Anyone that can read and use their brain can strip a laptop down to components and reassemble it.






Ok, but you’re missing the point and reassuring OPs. Three people might as well be zero.

I am not. If we continue to sit on our hands talk down about "most people" aren't interested in XYZ, we are the problem.

Armchair dipshits like to slag on Louis Rossmann, but did lead repair sessions where he would teach people how to do hot air pcb rework. Dude walks the talk and empowers people.

You are missing my point.


You’re venting, not arguing. Teaching three people doesn’t scale, and anecdotes aren’t data.

No one’s dismissing Rossmann or the value of empowerment. The problem is acting like isolated efforts equal systemic change. If this were as easy as you claim, the landscape would reflect that.

So yes, you’re missing the point. Passion is fine, but without policy, infrastructure, and incentives, it goes nowhere.

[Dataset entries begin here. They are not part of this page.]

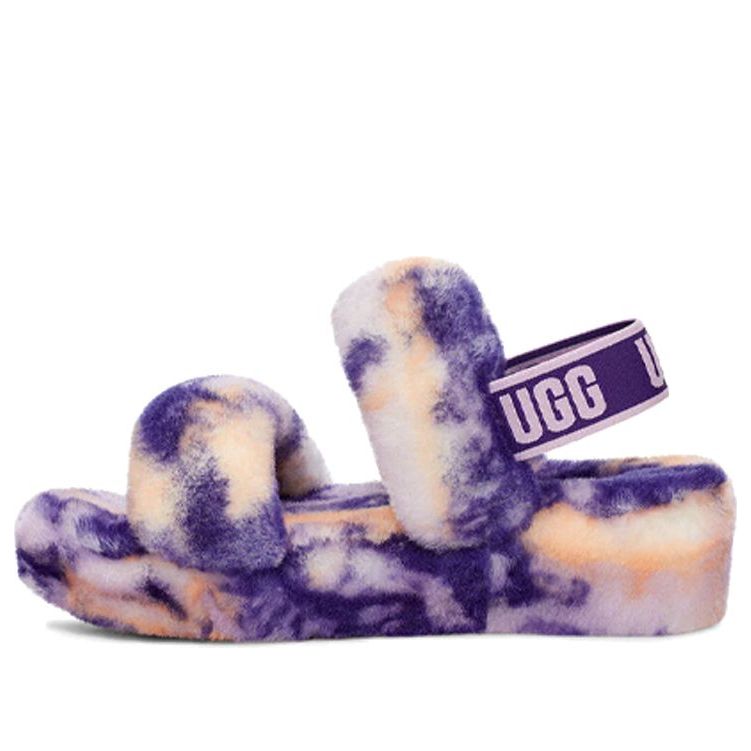 Superge in čevlji UGG Oh Yeah Tie-Dye Platform Slides Lila | 1122555-VNGH, 0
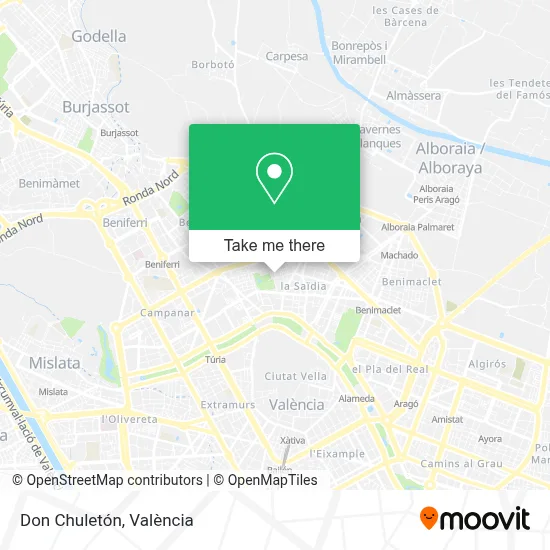 Don Chuletón map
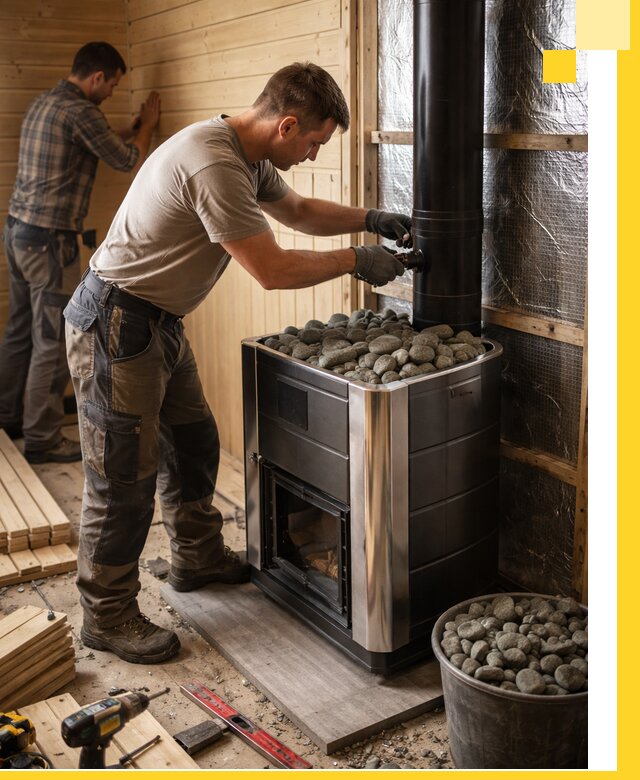 Проектирование и строительство парилок для бани в Щербинке под ключ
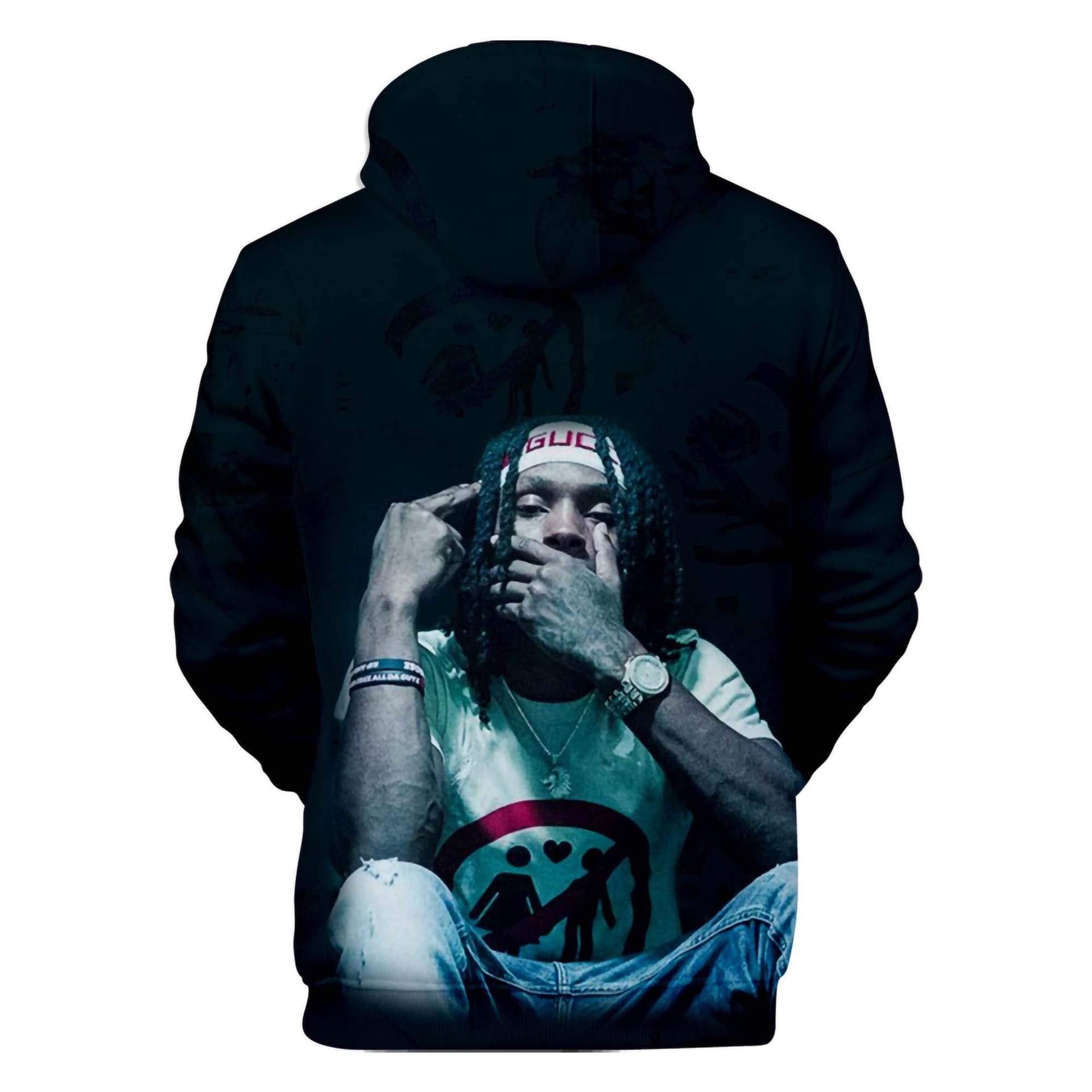 Singer King Von Hoodie Fashion 3D Printed Pop Sweater Unisex Youth Pullover Sweatshirt thumbnail 2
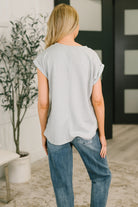 Classic Timeless V-Neck Tee in Pearl Grey-Womens-Stay Foxy Boutique, Florissant, Missouri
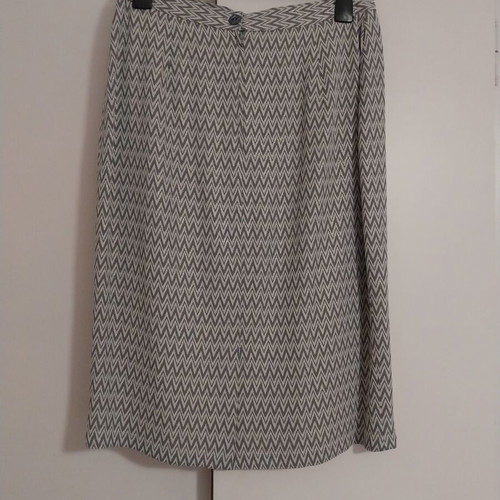 Suit set jacket, skirt and satin blouse like new, size Large, grey and silver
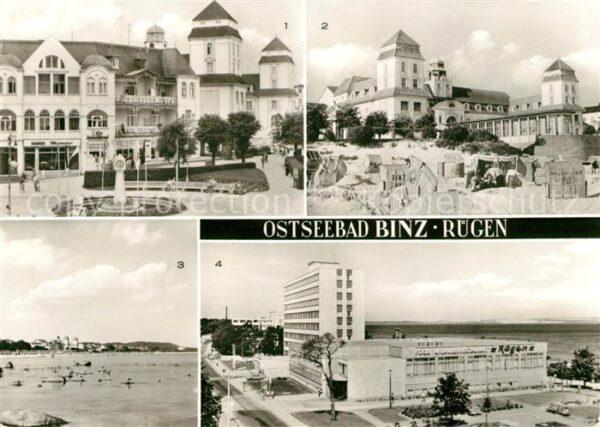 Binz Ruegen Kurhaus FDGB Erholungsheim Arkona FDGB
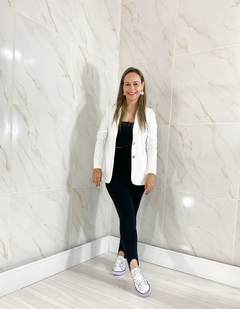 Blazer Feminino em Alfaiataria Lia OFF White na internet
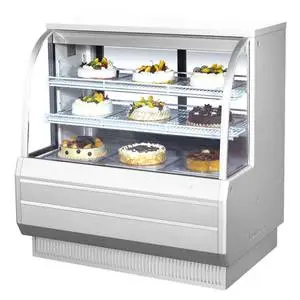 Turbo Air 48.5in Refrigerated Bakery Display Case Cooler Curved Glass - TCGB-48-W(B)-N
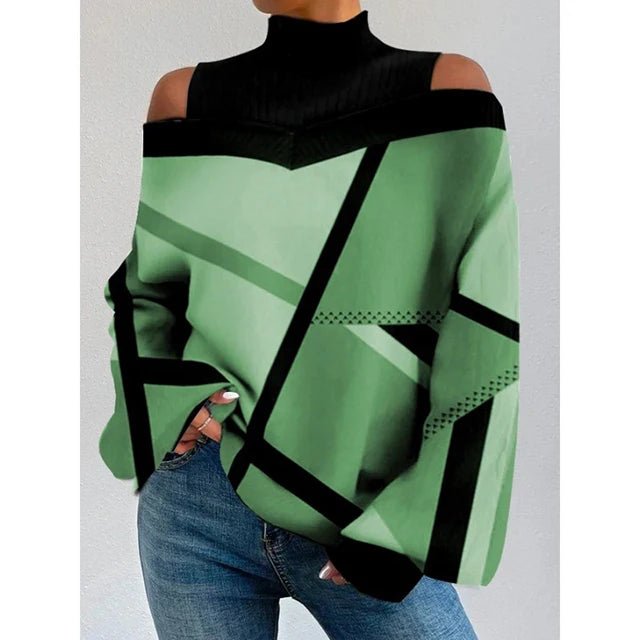 POWQUE Urban Chic Women's Lantern Sleeve Blouse - POWQUE URBAN STYLE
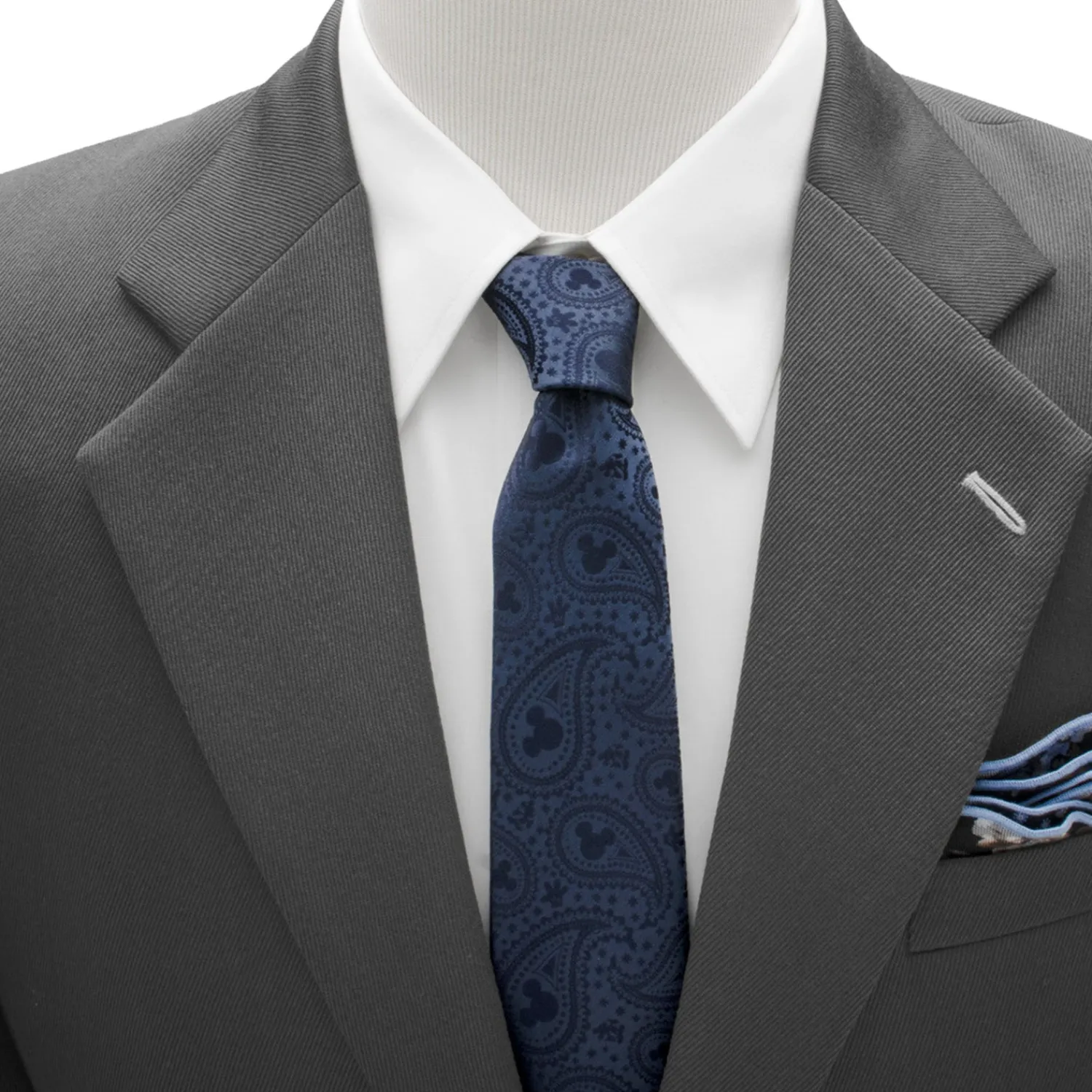 Best Sale Mickey Mouse Navy Paisley Men's Tie Disney Ties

How do you think policy of any sort gets it's origin?

Same token, sounds like you're arguing, not doing.


> without policy, infrastructure, and incentives, it goes nowhere.

So how do we start?


It doesn't matter how many people do it as a hobby. Making a repair easier makes professional repair/upgrade cheaper, enabling poorer people to do it, thus decreasing the overall waste dramatically.